In 1883 sought and obtained the transfer in favor of the Marquis de Peralta, Holy Roman title granted in 1738 by Emperor Charles VI to his uncle's great great grandfather Juan Tomás de Peralta y Franco de Medina. He was the second and last holder of the title.

==Awards==

He was declared a Hero of the Nation by the Congress of Costa Rica in 1919 and 1927 .

==Death==

He died in Paris, France, on 1 August 1930. His remains were brought to Costa Rica's capital and was buried there. The Diplomatic Institute of the Foreign Ministry of Costa Rica and an avenue in the city of San Jose are named after him.

==The Prize "Manuel Maria de Peralta"==

The Prize "Manuel Maria de Peralta" is a recognition given by the Costa Rican Association of International Law "Philip C. Jessup" (ACODI) annually to a distinguished Costa Rican for their contributions to international law, the International Policy and Diplomacy.

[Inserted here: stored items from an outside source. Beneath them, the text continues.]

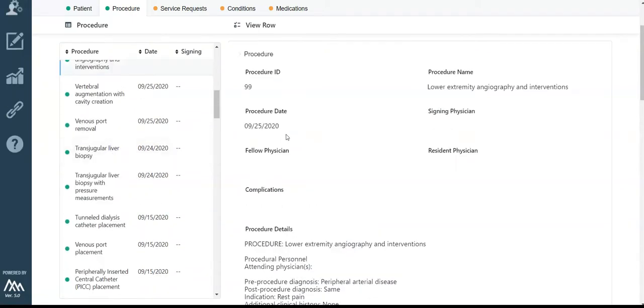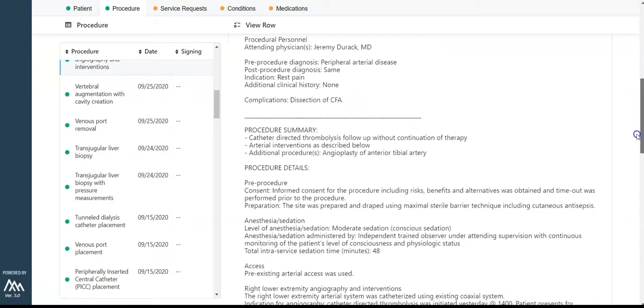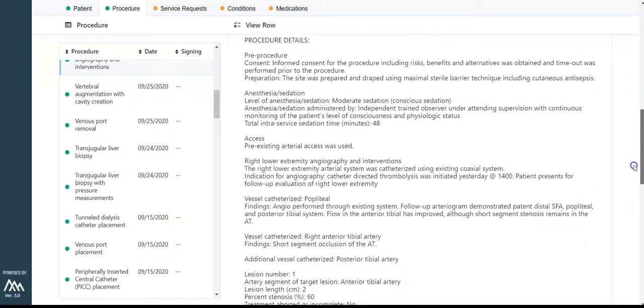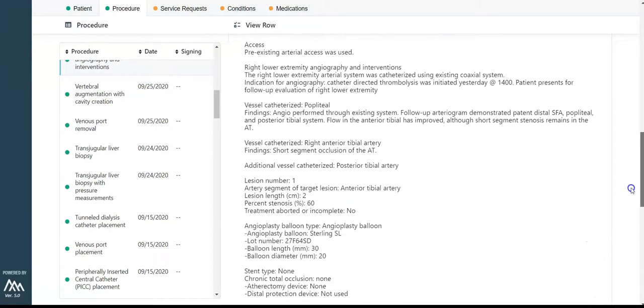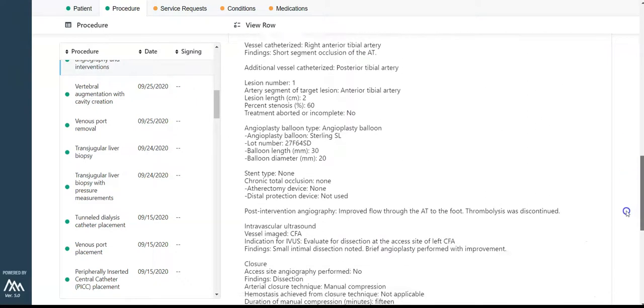If you scroll down on any procedure, you will see the raw dictation from your dictation tool. Coming soon is a feature to search the data within the procedure.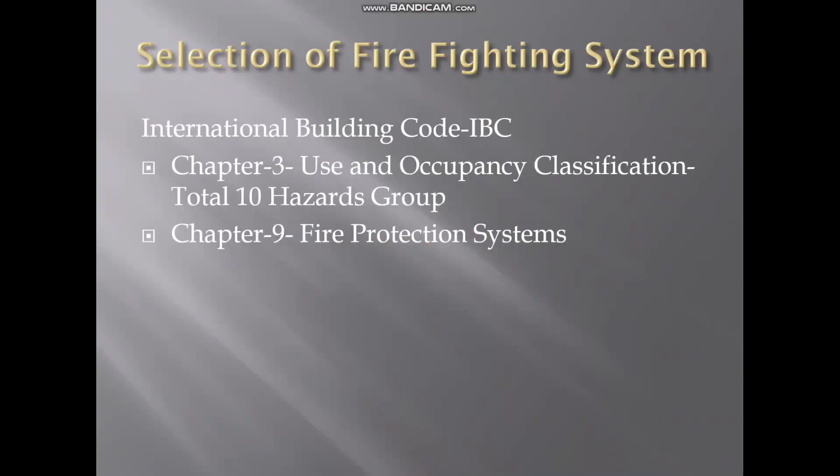Good morning and welcome to Global MEP Training Academy. Today we are going to see one of the important topics of firefighting: how to select the firefighting system for a building.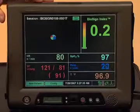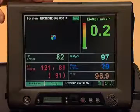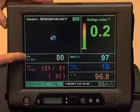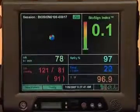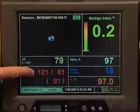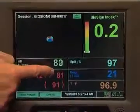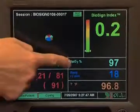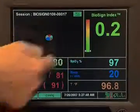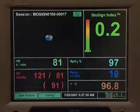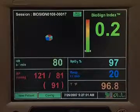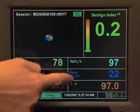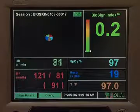What you have are the parameters coming in from the patient monitors. So you have the patient's heart rate, 80 beats per minute here. Their last blood pressure, 121 over 81. Their oxygen levels, 97% saturation, which is fine. Their breathing rate, 20 breaths per minute. And their temperature in Fahrenheit here.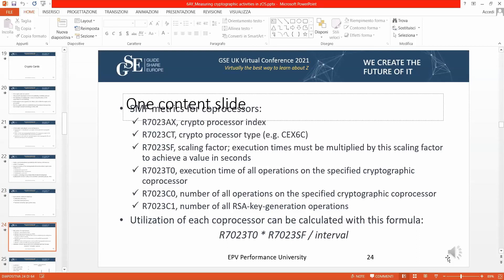There is a list of metrics available at the coprocessor level — the field name and label describing what is in each field. You can find this information in the SMF and RMF manuals. Using the fields mentioned in the formula at the end of the slide, you can calculate the utilization of every coprocessor.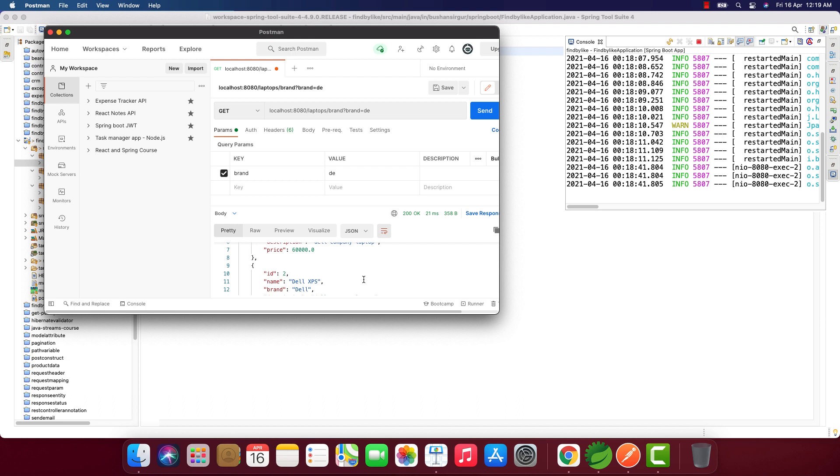This is all about the Like operator in query methods. In the next video, we're going to discuss the Between and In keywords. That's coming up in the next video. We'll see you in the next video.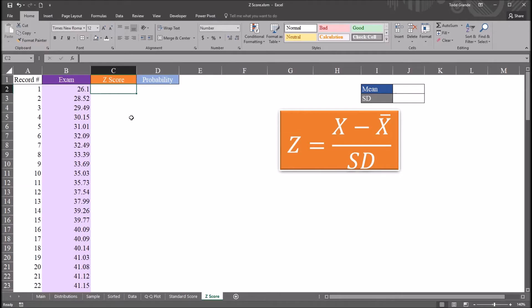Hello, this is Dr. Grande. Welcome to my video on understanding z-scores using Microsoft Excel. As always, if you find this video to be helpful, please like it and subscribe to my channel. I certainly appreciate it.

The Prize has been awarded so far, in its fourteen editions to the following persons:
- Mr. Fernando Volio Jimenez (qdDg)
- Dr. Fabio Fournier Jimenez (qdDg)
- Carlos José Gutiérrez Gutiérrez, (qdDg)
- Lic. Elisabeth Odio Benito
- Lic. Sonia Picado Sotela
- Dr. Rodolfo Piza Escalante (qdDg)
- Mr. Rodrigo Madrigal Nieto (qdDg)
- Dr. Gonzalo J. Facio Segreda
- Dr. Óscar Arias Sánchez
- Mr. José Luis Quesada Molina
- Manuel Ventura Robles
- Dr. Bernd H. Niehaus Quesada
- , Ambassador
- Mr. Rodrigo Oreamuno White

The Prize is named in reference to Manuel Maria de Peralta y Alfaro and the Foreign Service Institute "Manuel Maria de Peralta" the Ministry of Foreign Affairs and Worship of Costa Rica.